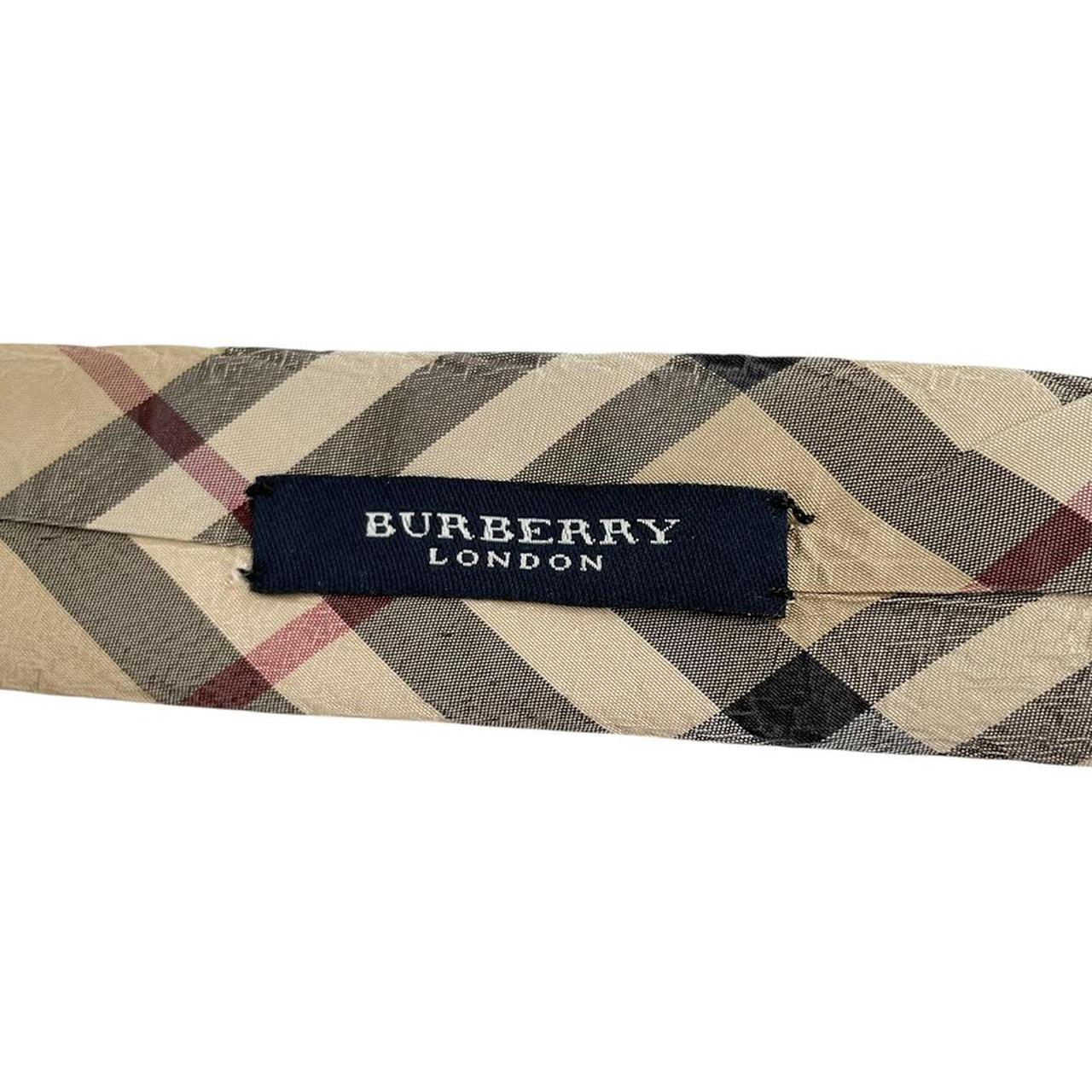 Burberry London Beige Nova Check Silk Tie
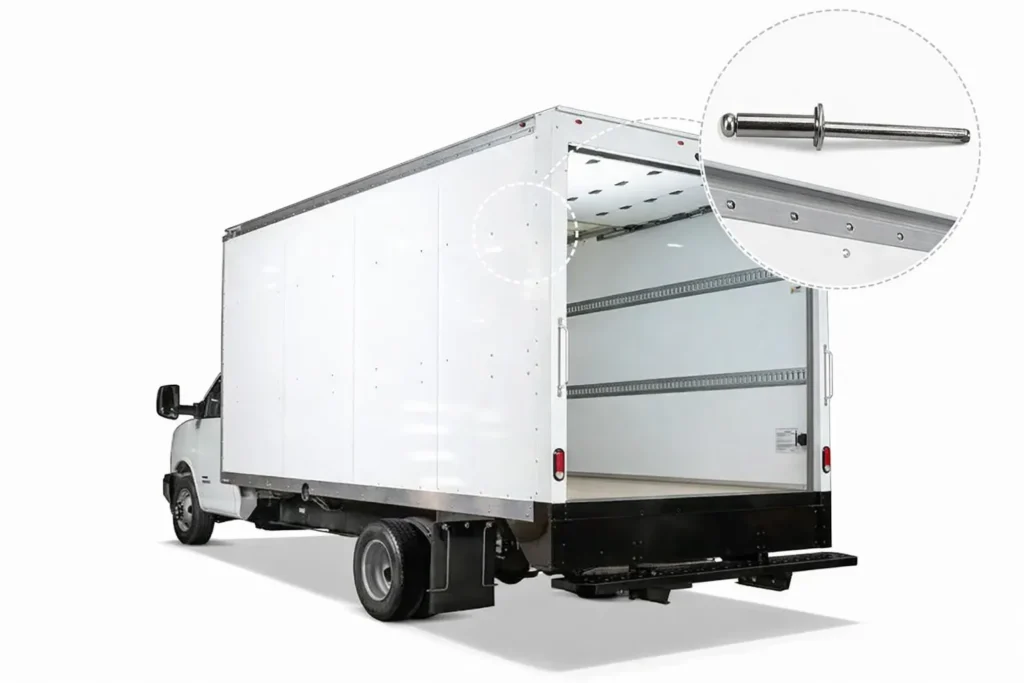 blind rivets for truck body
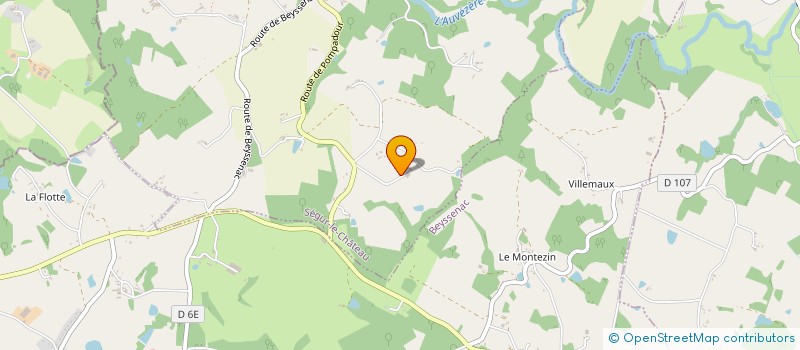 localisation de l'entreprise MONSIEUR LUCIEN CARAMIGEAS  SEGUR-LE-CHATEAU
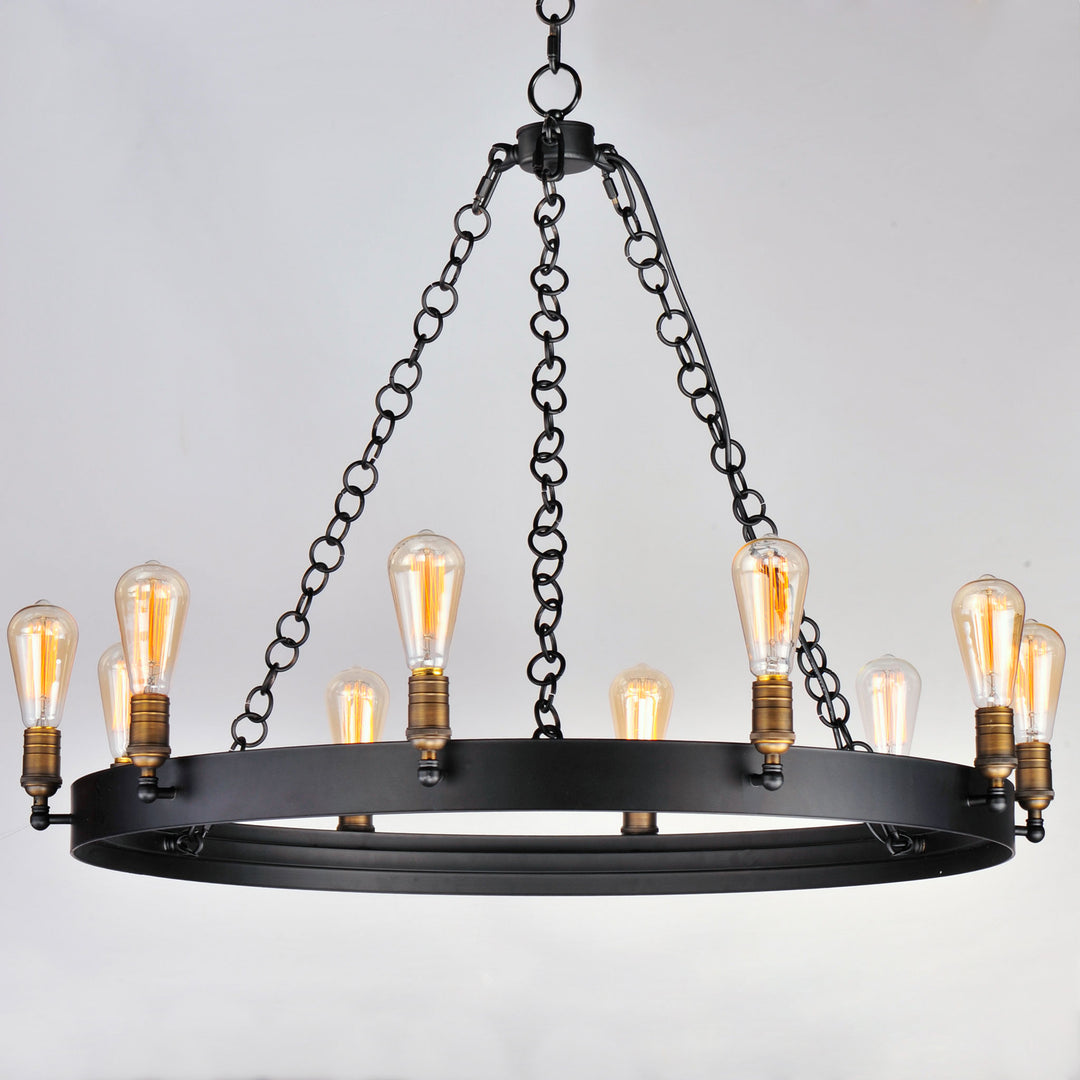 Maxim Noble 10-Light Small Chandelier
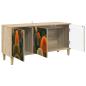 Preview: TV-Schrank ZAANDAM 102 x 33 x 50 cm Sonoma Holzwerkstoff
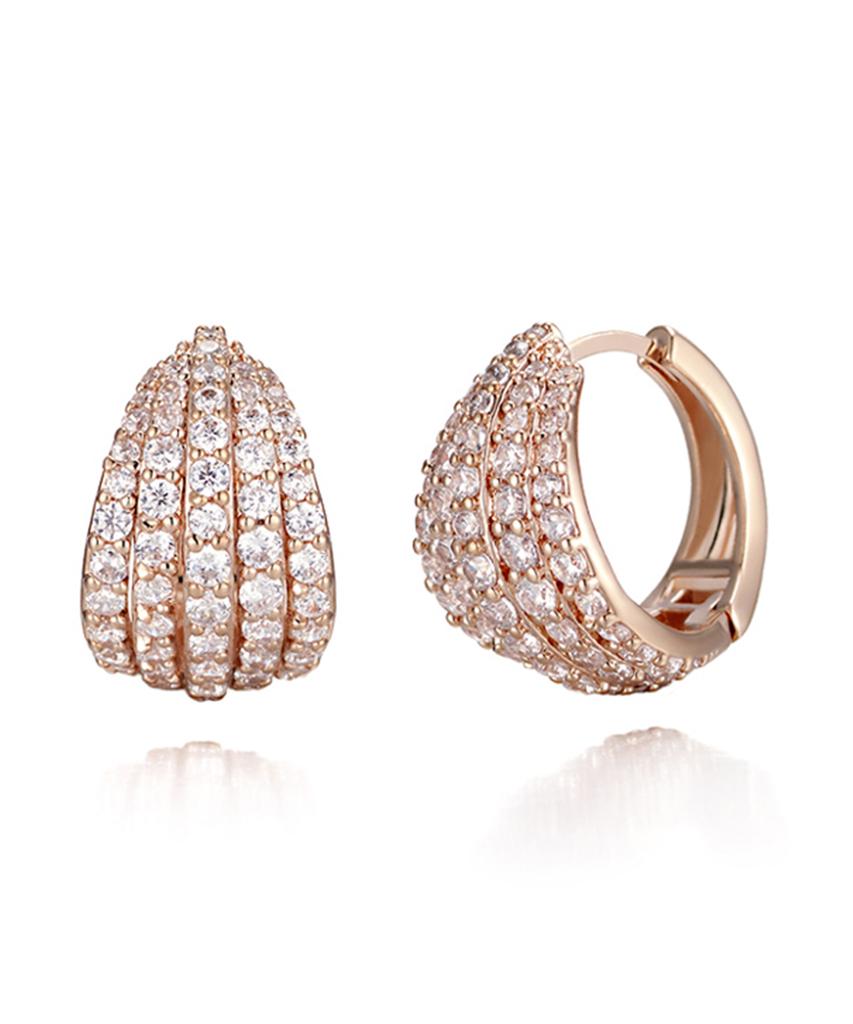 Geigerjewelry 18K Gf Серьги-гвоздики Hwasa Bold с кубическим цирконием Gi8Kpee043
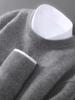 Men's Plus Size 100% Pure Wool Round Neck Cashmere Sweater - Autumn/Winter Casual Knit Pullover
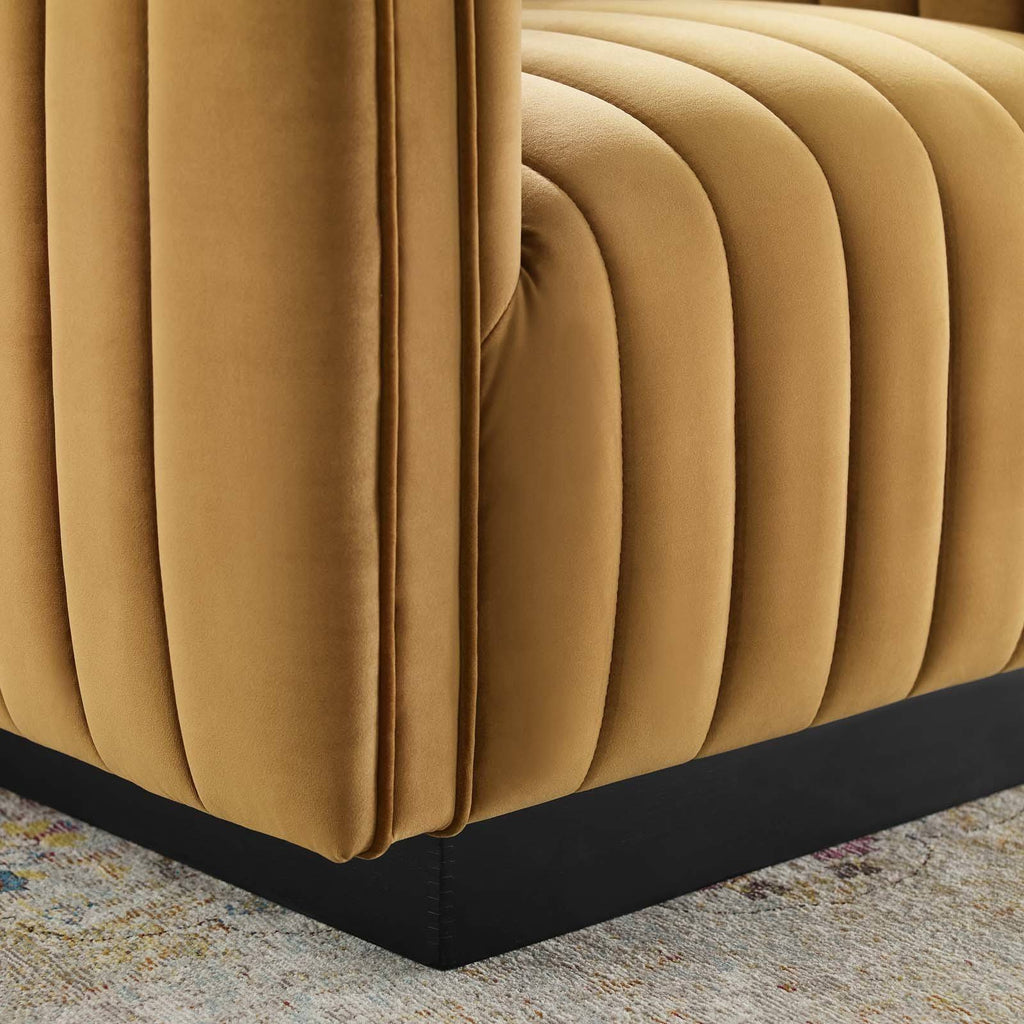 Emerald Performance Velvet Accent Armchair L26155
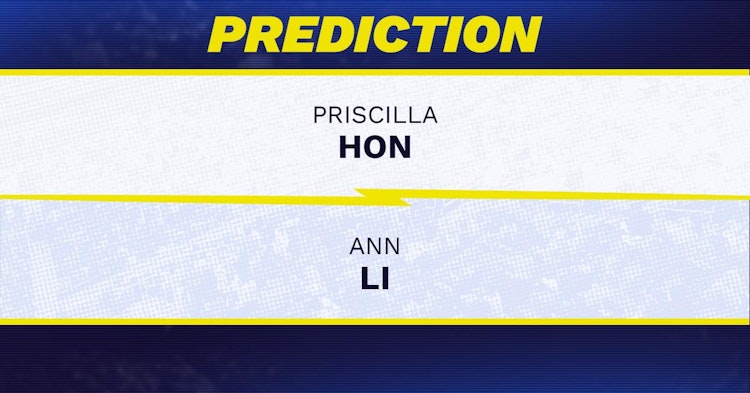 Priscilla Hon vs Ann Li Tennis Prediction.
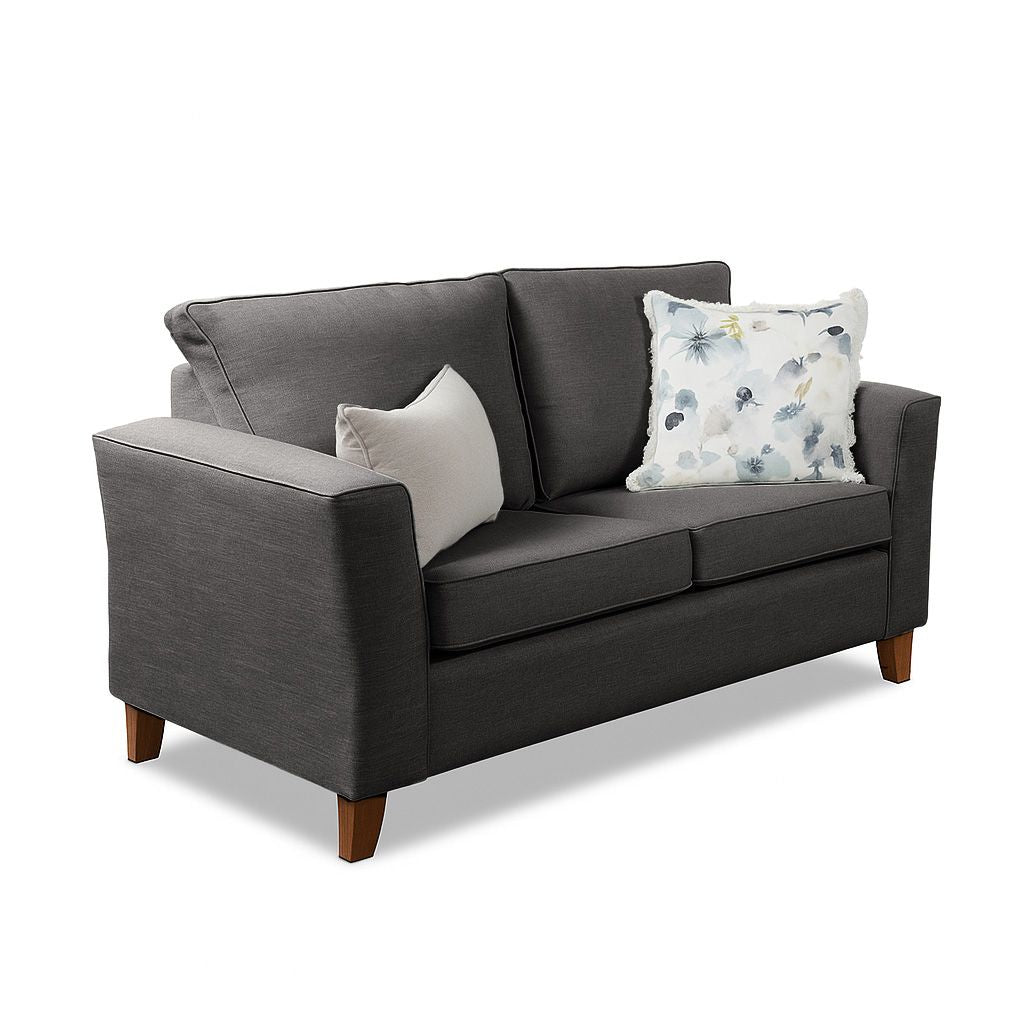 Kitty 2 Seater Fabric Sofa-Ash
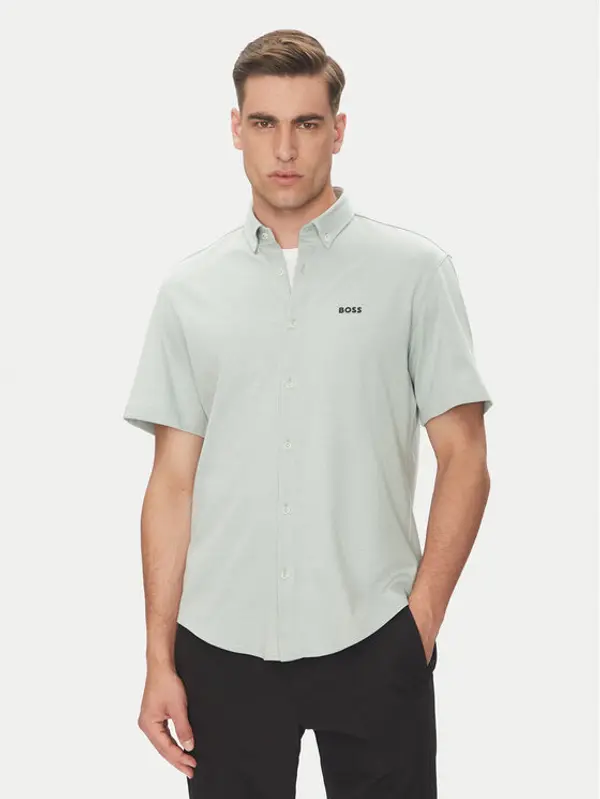 Boss BOSS Košulja B_MOTION_S 50533149 Zelena Regular Fit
----------
Exact copy, no pictures: please print the data above once more.

Exercise answer:
 Burberry London Beige Nova Check Silk Tie
 blind rivets for truck body
 localisation de l'entreprise MONSIEUR LUCIEN CARAMIGEAS  SEGUR-LE-CHATEAU
 Maxim Noble 10-Light Small Chandelier
 Preview: TV-Schrank ZAANDAM 102 x 33 x 50 cm Sonoma Holzwerkstoff
 Geigerjewelry 18K Gf Серьги-гвоздики Hwasa Bold с кубическим цирконием Gi8Kpee043
 Men's Plus Size 100% Pure Wool Round Neck Cashmere Sweater - Autumn/Winter Casual Knit Pullover
 Emerald Performance Velvet Accent Armchair L26155
 Priscilla Hon vs Ann Li Tennis Prediction.
 Kitty 2 Seater Fabric Sofa-Ash
 Boss BOSS Košulja B_MOTION_S 50533149 Zelena Regular Fit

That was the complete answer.